Statt die Bevölkerung von vornherein mit der Gefahr und der erwarteten großen Ausbreitung zu konfrontieren, „wurde ausgegeben, dass man keine Hysterie verbreiten darf.“ Bilder wie in China, wo ganze Städte unter Quarantäne stehen, sollten vermieden werden, auch aus wirtschaftlichen Gründen. „Daran wurde die Kommunikation angepasst. Deshalb spürt man eine Diskrepanz zwischen dem, was von Politikern gesagt wird, und dem, was passiert.“

In Bonn gibt es bislang keine Schwerpunktkliniken

Um die Krankenhäuser vor dem Coronavirus zu schützen, müsste der Publikumsverkehr aus Flasbecks Sicht besser kontrolliert werden. Im Malteser Krankenhaus gibt es deshalb das Nadelöhrprinzip, bei dem die Zugänge verringert werden und die Besucher unter anderem nach grippeähnlichen Symptomen befragt werden. „Im Zweifelsfall wird man dann gebeten, einen Arzt aufzusuchen“, erklärt Flasbeck.

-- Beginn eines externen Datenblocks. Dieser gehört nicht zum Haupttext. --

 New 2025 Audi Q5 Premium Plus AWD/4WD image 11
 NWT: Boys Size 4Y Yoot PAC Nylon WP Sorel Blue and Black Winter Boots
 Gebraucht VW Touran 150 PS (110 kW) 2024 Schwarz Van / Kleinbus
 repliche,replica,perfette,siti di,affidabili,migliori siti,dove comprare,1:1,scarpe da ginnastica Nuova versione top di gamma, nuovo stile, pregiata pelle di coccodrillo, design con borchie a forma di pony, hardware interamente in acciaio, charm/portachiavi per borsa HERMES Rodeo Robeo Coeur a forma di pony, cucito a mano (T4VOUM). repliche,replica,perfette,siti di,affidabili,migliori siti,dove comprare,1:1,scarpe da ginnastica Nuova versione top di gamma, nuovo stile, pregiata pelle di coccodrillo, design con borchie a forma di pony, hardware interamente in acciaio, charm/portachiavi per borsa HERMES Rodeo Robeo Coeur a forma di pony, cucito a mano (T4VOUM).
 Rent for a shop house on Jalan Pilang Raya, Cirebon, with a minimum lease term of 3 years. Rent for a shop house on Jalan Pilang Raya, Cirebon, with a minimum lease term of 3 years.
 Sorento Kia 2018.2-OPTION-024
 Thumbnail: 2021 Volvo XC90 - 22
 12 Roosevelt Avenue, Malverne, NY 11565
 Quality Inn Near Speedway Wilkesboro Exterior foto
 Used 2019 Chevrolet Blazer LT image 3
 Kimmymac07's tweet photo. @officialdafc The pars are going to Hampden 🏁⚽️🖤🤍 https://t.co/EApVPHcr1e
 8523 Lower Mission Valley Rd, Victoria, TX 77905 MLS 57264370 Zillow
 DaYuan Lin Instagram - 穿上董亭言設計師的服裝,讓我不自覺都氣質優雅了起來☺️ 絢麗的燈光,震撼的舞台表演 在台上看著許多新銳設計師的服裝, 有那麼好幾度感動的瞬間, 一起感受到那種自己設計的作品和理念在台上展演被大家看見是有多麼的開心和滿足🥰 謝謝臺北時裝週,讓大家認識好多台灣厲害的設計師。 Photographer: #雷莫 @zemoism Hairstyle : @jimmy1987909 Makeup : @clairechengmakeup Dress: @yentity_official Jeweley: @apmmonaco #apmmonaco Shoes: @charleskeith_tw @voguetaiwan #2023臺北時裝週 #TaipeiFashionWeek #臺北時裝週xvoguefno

Für die Untersuchung von Coronavirus-Verdachtsfällen gibt es in Köln und Berlin bereits Schwerpunktkrankenhäuser, in Bonn bislang nicht. „Die Stadt stellt derzeit Überlegungen mit der Uniklinik Bonn an, ob ein Zentrum eingerichtet werden sollte und wenn ja, wo“, sagt Stadtsprecherin Monika Hörig. Zu Liegenschaften könne man bislang nichts sagen. Nach GA-Informationen soll aber unter anderem die ehemalige Kinderklinik an der Adenauerallee im Gespräch sein.

Mit den Vorwürfen konfrontiert, dass die Stadt Bonn mit der Lage überfordert sei, antwortet Hörig: „Kein Gesundheitsamt kann sich personell auf eine Epidemie vorbereiten und Personal vorhalten. Alle verfügbaren Kräfte des Gesundheitsamtes sind im Einsatz, auch über ihren eigentlichen Zuständigkeitsbereich hinaus.“ Bislang seien keine Bonner Ärzte mit den harschen Kritikpunkten auf die Stadt und den Krisenstab zugekommen.